The turf we played on was concrete and asphalt and brick. If we wanted to see some grass, we went to Sly Park. Or sometimes we went over to Copp’s Hill Burying Ground.

I remember one time I broke out with a mysterious rash on my face. A trip to the doctor’s office confirmed that I had contracted poison oak.

“Where would my daughter be exposed to oak trees around here?” my mother asked. The doctor wisely answered, “Do you know where your daughter is at all times?” Of course she didn’t.

We were roller skating all over the streets of the North End. With our skate keys hanging from our necks we flew up and down Hanover Street, Battery Street, Charter Street and all the other streets in our neighborhood.

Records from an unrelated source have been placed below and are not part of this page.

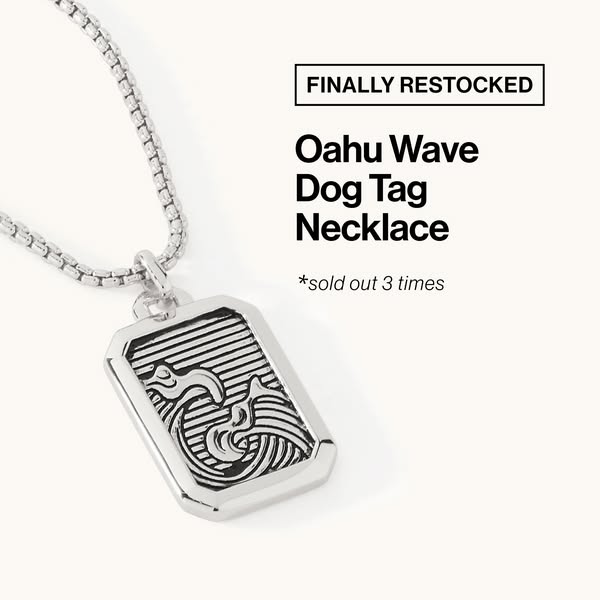 Oahu Wave Dog Tag Necklace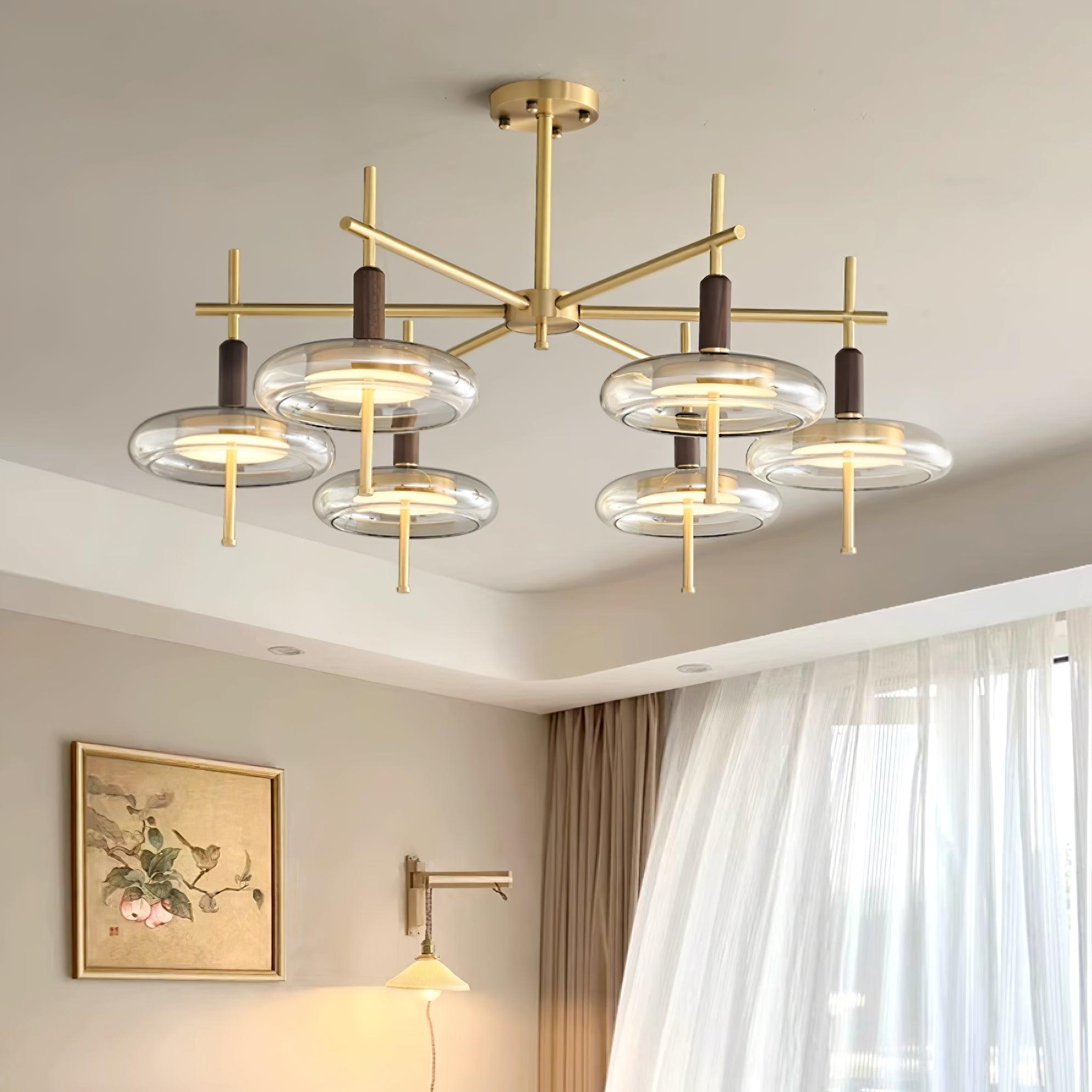 Redondo Lustre Laiton Verre LED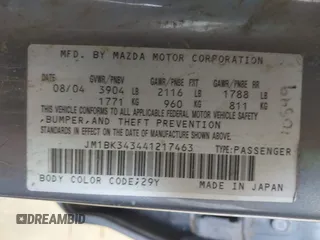 2004 Mazda 3 s with VIN JM1BK343441217463, listed as a IAAI auction lot 41957324 with 219,311 mi miles and . Bid and sale history available at DreamBid. Image 9.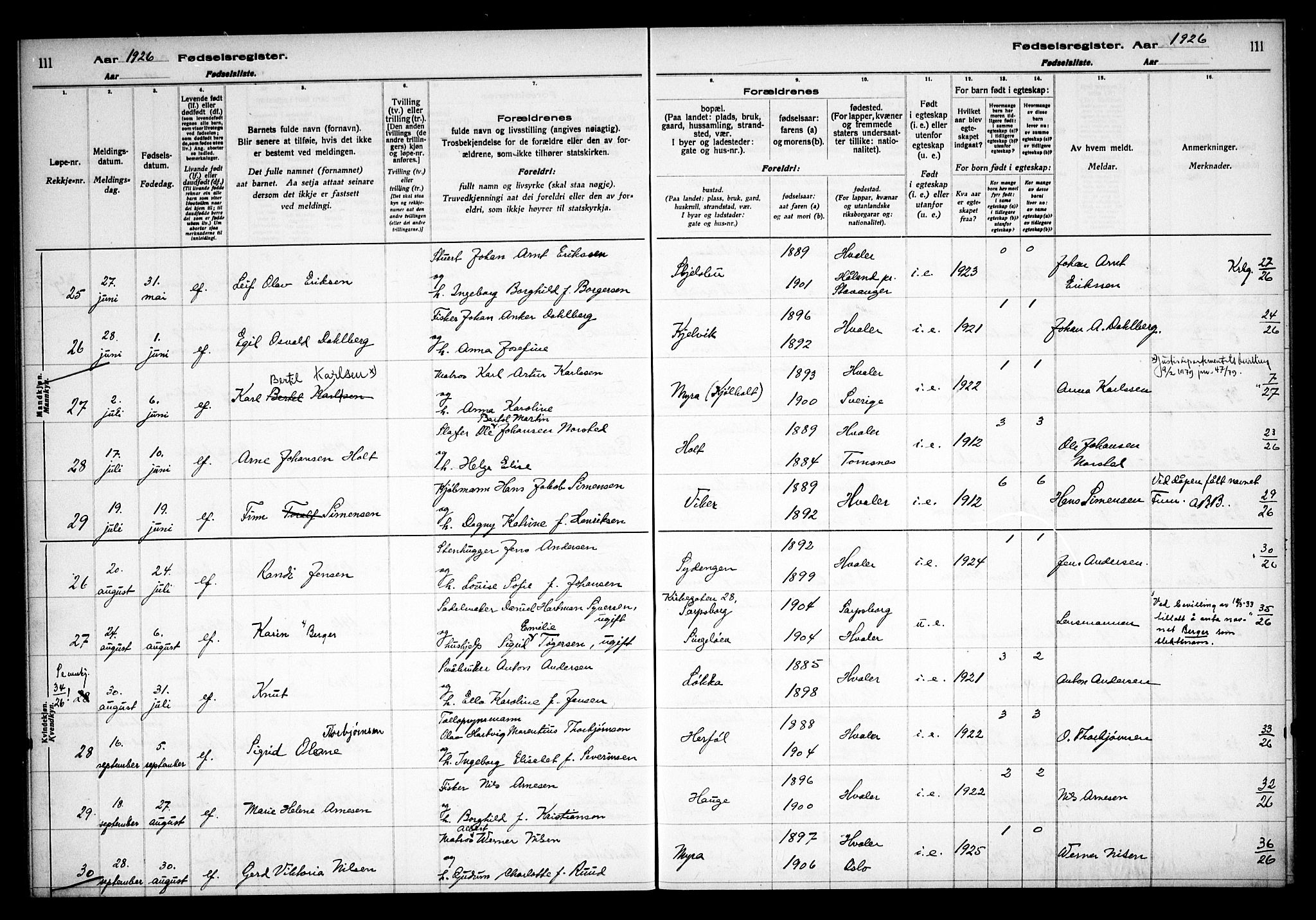 Hvaler prestekontor Kirkebøker, AV/SAO-A-2001/J/Ja/L0001: Fødselsregister nr. I 1, 1916-1938, s. 111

But Holden Court was our own private playground. It’s a courtyard situated between 402 and 404 Commercial Street where I lived. In that safe space my friends and I played hopscotch, jumped rope, threw balls against the brick buildings and played Red Rover. We traded marbles that we called aggies or squirted each other with our plastic water guns.

My best friend, Irene Giuliano, would walk over from her apartment around the corner and standing below my second floor window, she would call up to me to come down and play. We would be joined by my sister, Angela, and our other friends, Elena, Juanita, Dolly, and Joey who lived on Holden Court.

If it were raining, we sat on the front steps inside my building and played board games like Sorry, Go to the Head of the Class, and Easy Money. Using a well-worn deck of cards, we would play War for hours. We had fun until my Aunt Mary, returning home from work, chased us back outside.

After supper in the summertime we would venture across the train tracks on Commercial Street and play on the loading docks of Battery Wharf or climb into the empty freight trains that were parked for the night.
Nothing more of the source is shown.